Coolest way to generate new technologies for colonizing the solar system while also demonstrating once again that China and India represent the future of the world: Last week, India's Chief of Army Staff, General Deepak Kapoor, announced that his country would be entering into a kind of space race with China. Though Indian officials had already talked about sending a crewed mission to the moon by 2020, the nation has deployed very few satellites and has never sent a person into orbit. Increasing tensions with China, plus the show of force represented by China shooting down one of its own satellites last year (see picture), has apparently kicked the Indian space program into high gear. Though it's hard to be thrilled about the idea that India and China might be ramping up to a cold war situation, there's no denying that there's nothing like a good defense budget to make gains in space. If we're lucky, the space race between the two great emerging techno-powers of the twenty-first century will have the unintended side-effect of helping ordinary people of the future gain access to planet-colonizing technologies and space-going vehicles. Click through for the crap.

Crappiest way to encourage people to use their imaginations and experiment with evolutionary possibilities in a game devoted to both: Last week saw the release of EA/Maxis' Creature Creator — a component of the upcoming evolution game Spore — and the entire internet greeted it with a cry of happiness. Creature Creator lets you build any organism you like, quickly fleshing out an animated being as cute or hideous as you can imagine. An algorithm animates the little beast, giving it realistic motions for its body shape. You can share your creations with other users, too.

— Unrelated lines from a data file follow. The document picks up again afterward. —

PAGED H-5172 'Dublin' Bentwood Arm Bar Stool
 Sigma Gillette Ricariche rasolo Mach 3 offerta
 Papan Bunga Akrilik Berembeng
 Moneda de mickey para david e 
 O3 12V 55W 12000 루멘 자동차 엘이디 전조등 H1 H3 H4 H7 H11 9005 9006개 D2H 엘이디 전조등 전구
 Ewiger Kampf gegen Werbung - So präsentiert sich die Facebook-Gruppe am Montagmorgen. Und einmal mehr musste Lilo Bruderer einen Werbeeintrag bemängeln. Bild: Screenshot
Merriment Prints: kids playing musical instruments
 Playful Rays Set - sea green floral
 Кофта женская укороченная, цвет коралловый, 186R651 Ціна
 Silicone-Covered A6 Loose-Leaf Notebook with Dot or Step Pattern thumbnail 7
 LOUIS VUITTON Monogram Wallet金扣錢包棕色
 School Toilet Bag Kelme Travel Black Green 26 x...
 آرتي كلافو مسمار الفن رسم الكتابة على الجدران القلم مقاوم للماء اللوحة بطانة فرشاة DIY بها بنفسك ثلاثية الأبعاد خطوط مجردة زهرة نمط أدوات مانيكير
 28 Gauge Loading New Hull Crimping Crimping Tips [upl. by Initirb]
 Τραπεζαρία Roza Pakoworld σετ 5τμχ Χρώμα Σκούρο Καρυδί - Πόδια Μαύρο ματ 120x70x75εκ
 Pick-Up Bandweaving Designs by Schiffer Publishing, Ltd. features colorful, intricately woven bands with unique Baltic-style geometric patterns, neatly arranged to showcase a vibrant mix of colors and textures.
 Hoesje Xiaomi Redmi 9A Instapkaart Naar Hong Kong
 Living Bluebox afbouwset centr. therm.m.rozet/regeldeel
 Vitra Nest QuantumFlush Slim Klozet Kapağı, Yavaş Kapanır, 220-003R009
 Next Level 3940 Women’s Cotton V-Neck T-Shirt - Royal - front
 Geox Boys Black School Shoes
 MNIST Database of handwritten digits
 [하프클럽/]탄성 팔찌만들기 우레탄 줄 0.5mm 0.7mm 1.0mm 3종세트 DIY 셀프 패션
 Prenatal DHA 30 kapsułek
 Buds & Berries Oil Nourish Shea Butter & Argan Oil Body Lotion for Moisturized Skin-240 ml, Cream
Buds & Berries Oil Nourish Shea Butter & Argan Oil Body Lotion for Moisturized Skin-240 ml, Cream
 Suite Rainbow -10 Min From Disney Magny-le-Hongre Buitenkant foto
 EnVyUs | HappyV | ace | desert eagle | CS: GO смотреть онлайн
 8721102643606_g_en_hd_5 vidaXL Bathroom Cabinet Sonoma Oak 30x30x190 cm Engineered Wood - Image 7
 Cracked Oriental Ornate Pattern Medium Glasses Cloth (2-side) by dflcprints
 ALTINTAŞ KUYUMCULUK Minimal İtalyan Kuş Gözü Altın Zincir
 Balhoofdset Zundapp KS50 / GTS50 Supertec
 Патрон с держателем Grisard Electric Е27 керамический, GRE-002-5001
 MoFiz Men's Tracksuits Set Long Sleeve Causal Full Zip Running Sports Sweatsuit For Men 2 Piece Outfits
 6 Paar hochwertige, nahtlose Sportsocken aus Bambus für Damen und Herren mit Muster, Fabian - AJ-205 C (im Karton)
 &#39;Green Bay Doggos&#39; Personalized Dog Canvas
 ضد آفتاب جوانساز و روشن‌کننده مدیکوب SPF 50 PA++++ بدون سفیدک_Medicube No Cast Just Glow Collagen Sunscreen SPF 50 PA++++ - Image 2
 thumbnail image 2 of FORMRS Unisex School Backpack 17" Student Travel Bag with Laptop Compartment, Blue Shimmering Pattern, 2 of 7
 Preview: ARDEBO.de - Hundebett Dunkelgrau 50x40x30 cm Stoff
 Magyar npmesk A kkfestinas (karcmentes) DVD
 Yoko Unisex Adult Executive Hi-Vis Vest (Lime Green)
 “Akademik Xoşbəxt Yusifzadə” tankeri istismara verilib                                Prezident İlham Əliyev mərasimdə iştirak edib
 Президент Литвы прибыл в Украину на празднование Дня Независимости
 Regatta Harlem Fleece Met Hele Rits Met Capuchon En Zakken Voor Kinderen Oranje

Of course, one of the first things that people did was create the most obscene-looking creatures they could. It turns out the Creature Creator is very versatile when it comes to adding body parts that look like penises, vaginas, and anuses. Thus, within a day after Creature Creator's launch, Sporn was born. Instead of laughing the whole trend off and coming up with ways to prevent people from uploading their dirty bits to kid-friendly areas in the Spore community, EA reacted with censorious poopheadedness. They banned users from the Creator Creator community who uploaded naughty creatures, and requested that YouTube yank any Sporn videos. What the hell, people? Is this any way to encourage people to think about evolution, which is after all very much about genitals and where you put them? I can understand wanting to wall off this grown-up stuff once kids start playing the game, but squashing it entirely? Crap! Luckily, io9 has managed to procure some of the best Sporn available and we've edited it into a smashing NSFW music video for you.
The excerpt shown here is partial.